▶ **Directions for this task**
Every record below should be copied exactly, with the pictures left out.

[Start of Attachment]

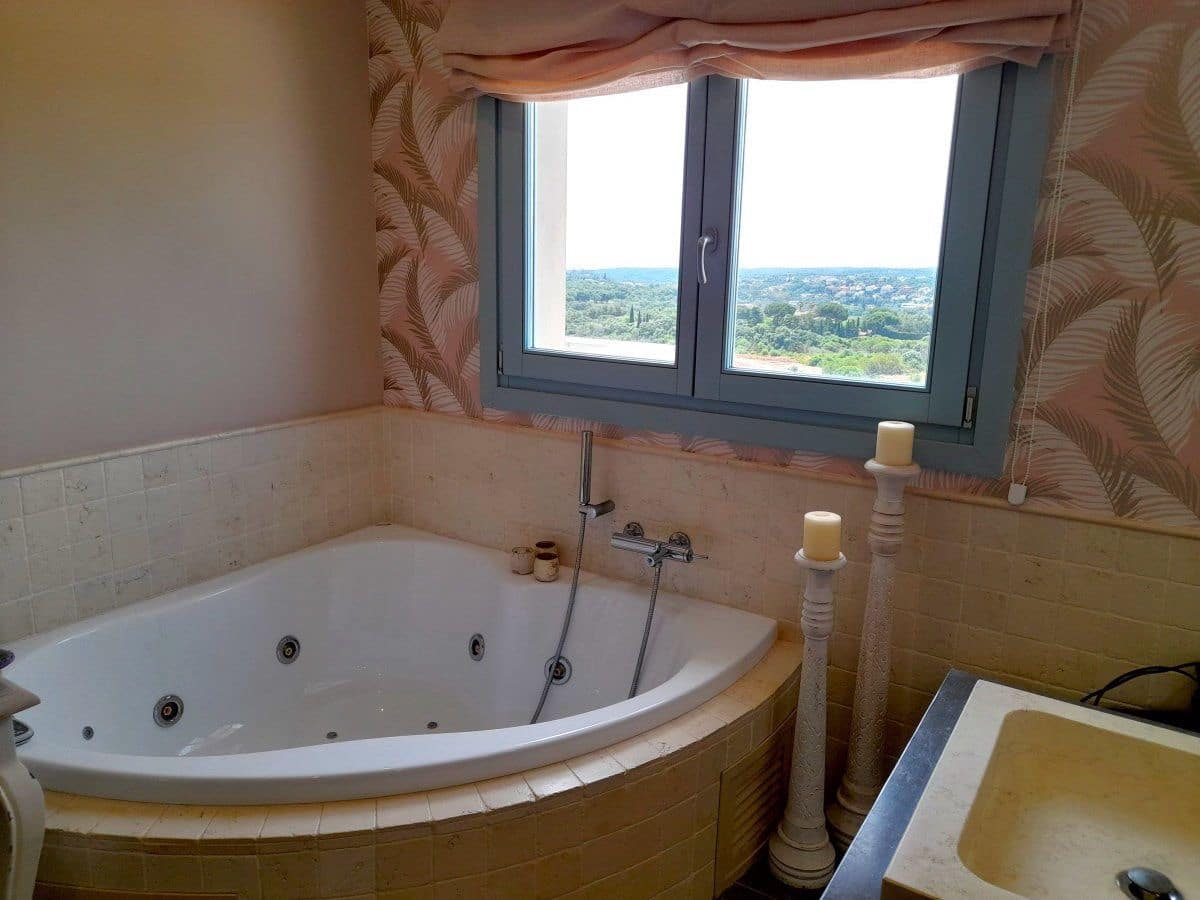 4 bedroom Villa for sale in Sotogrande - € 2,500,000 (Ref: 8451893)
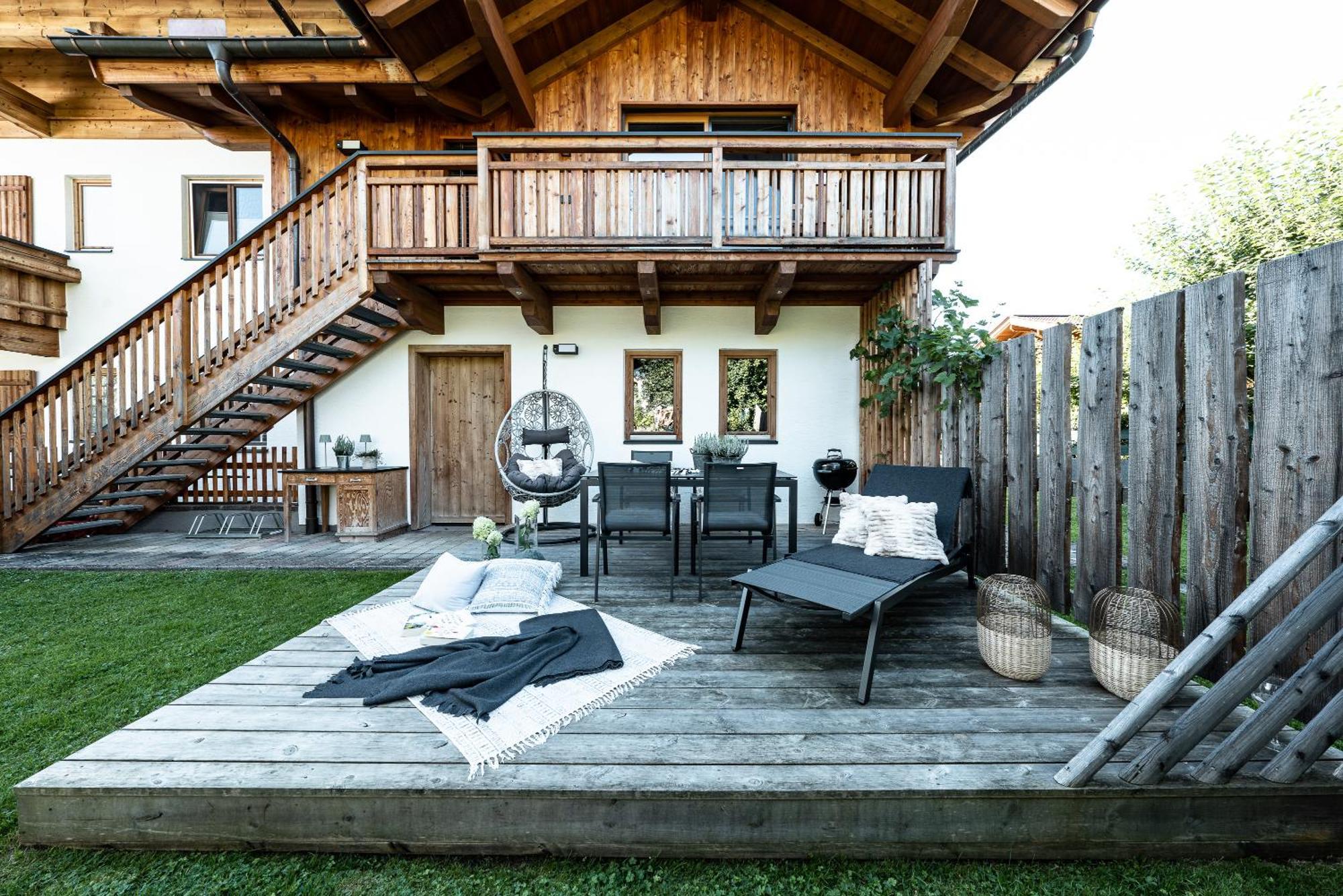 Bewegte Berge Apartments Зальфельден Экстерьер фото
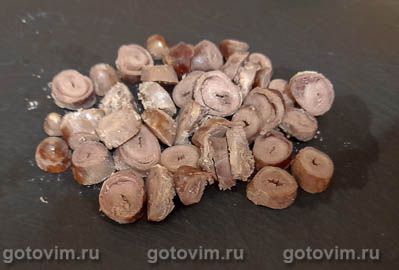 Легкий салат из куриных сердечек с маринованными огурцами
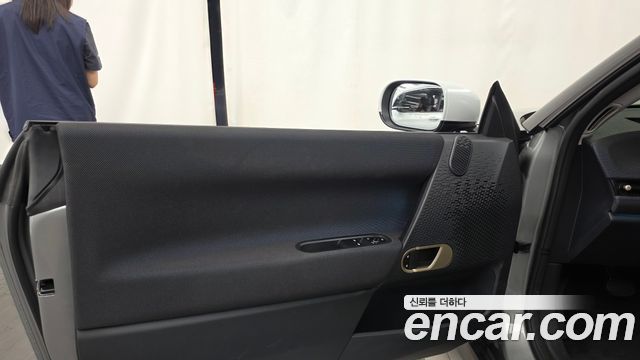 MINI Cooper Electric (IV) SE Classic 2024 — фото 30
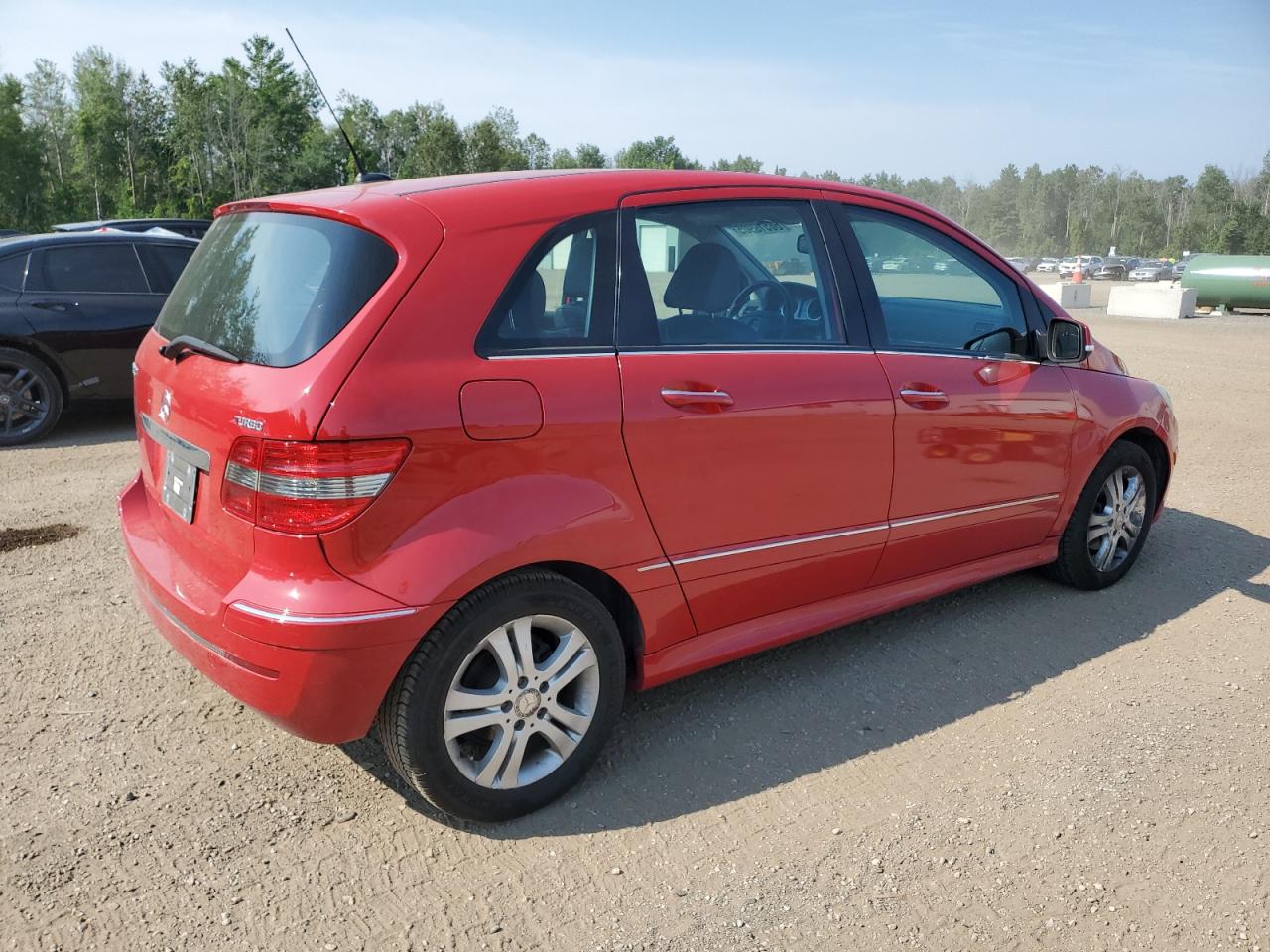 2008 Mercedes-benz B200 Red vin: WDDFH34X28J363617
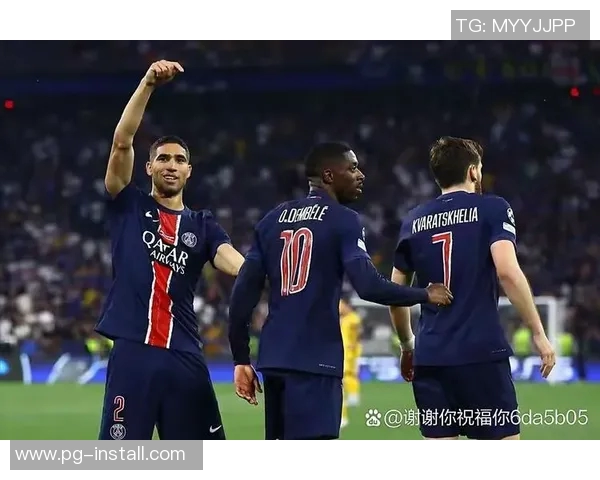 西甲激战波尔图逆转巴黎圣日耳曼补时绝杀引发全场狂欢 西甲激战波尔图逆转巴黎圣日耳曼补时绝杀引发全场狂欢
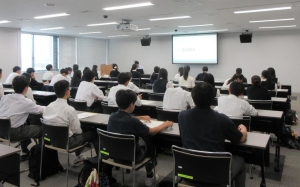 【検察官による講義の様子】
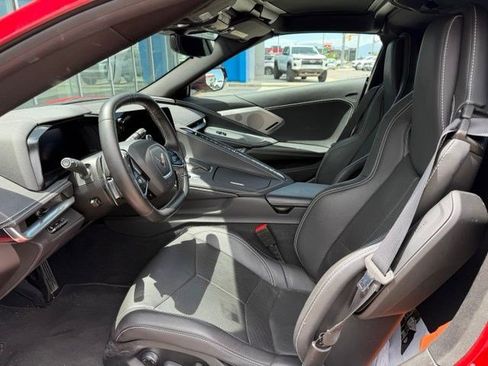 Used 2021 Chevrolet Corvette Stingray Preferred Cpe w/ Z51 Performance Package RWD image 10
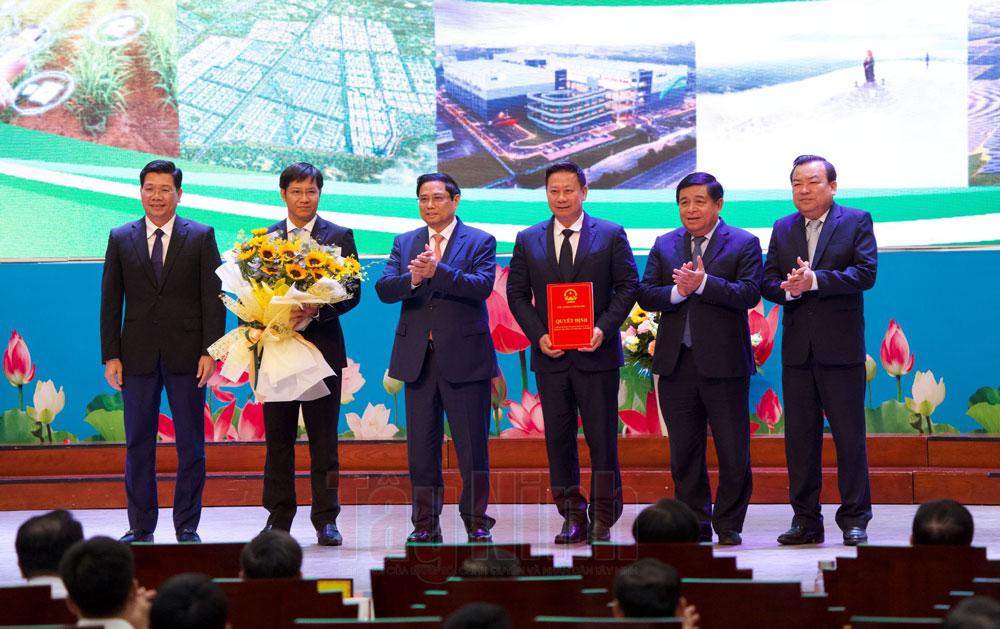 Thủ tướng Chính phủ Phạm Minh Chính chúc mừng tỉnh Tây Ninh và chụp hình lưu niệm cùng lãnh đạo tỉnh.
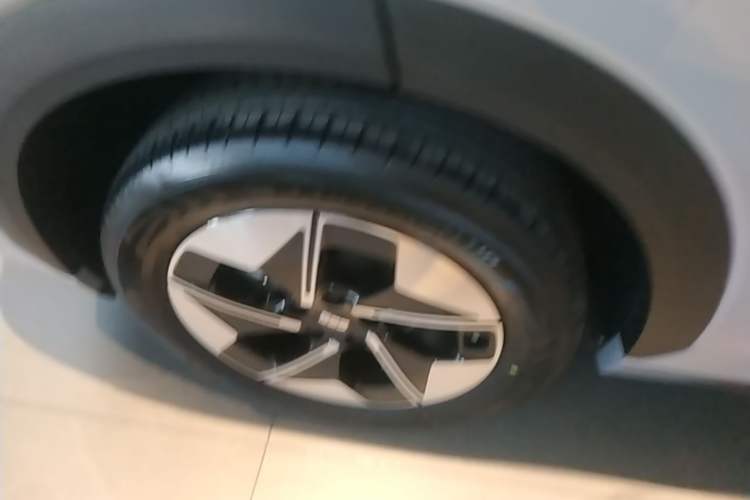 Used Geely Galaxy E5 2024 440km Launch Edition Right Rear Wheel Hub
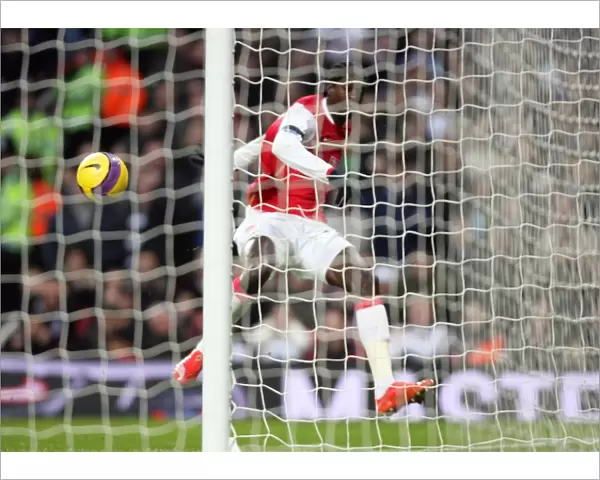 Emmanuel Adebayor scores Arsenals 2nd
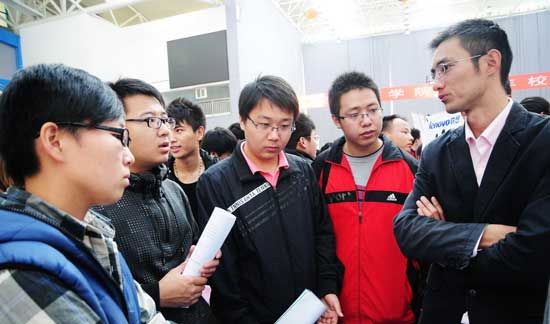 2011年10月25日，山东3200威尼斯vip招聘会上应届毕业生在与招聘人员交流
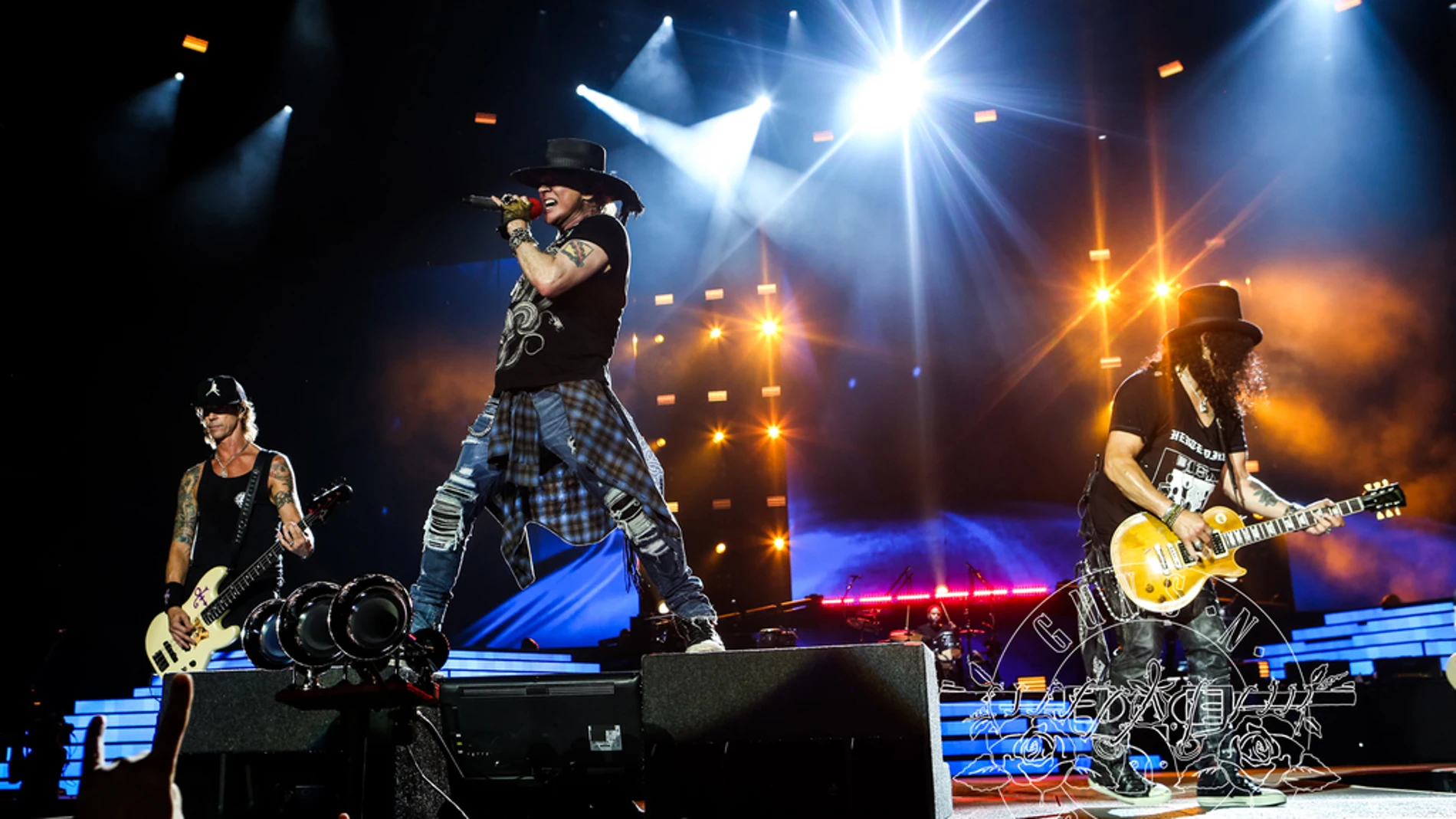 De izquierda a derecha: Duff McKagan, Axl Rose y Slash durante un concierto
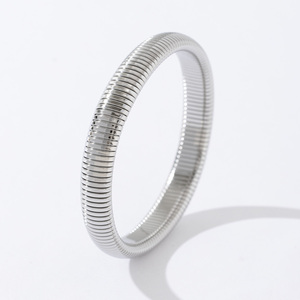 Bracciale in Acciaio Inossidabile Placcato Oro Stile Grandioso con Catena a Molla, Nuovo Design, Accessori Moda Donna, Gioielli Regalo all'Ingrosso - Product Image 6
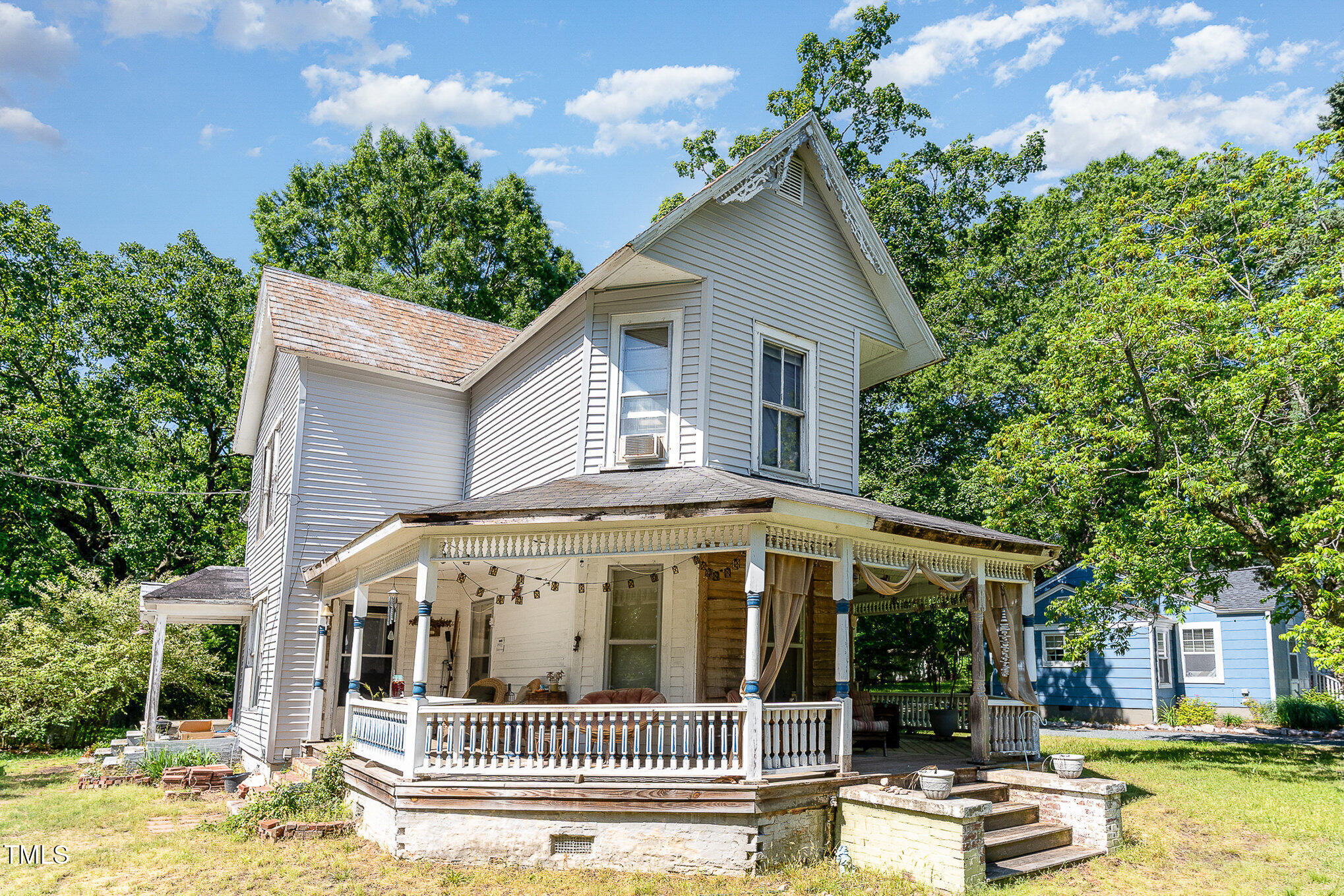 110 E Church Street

[End of Attachment]

▶ **Solution for this task**
 4 bedroom Villa for sale in Sotogrande - € 2,500,000 (Ref: 8451893)
 Bewegte Berge Apartments Зальфельден Экстерьер фото
 Легкий салат из куриных сердечек с маринованными огурцами
 MINI Cooper Electric (IV) SE Classic 2024 — фото 30
 2008 Mercedes-benz B200 Red vin: WDDFH34X28J363617
 西甲激战波尔图逆转巴黎圣日耳曼补时绝杀引发全场狂欢 西甲激战波尔图逆转巴黎圣日耳曼补时绝杀引发全场狂欢
 【検察官による講義の様子】
 Used 2021 Chevrolet Corvette Stingray Preferred Cpe w/ Z51 Performance Package RWD image 10
 Thủ tướng Chính phủ Phạm Minh Chính chúc mừng tỉnh Tây Ninh và chụp hình lưu niệm cùng lãnh đạo tỉnh.
 Used Geely Galaxy E5 2024 440km Launch Edition Right Rear Wheel Hub
 Emmanuel Adebayor scores Arsenals 2nd
 2011年10月25日，山东3200威尼斯vip招聘会上应届毕业生在与招聘人员交流
 De izquierda a derecha: Duff McKagan, Axl Rose y Slash durante un concierto
 Bracciale in Acciaio Inossidabile Placcato Oro Stile Grandioso con Catena a Molla, Nuovo Design, Accessori Moda Donna, Gioielli Regalo all'Ingrosso - Product Image 6
 110 E Church Street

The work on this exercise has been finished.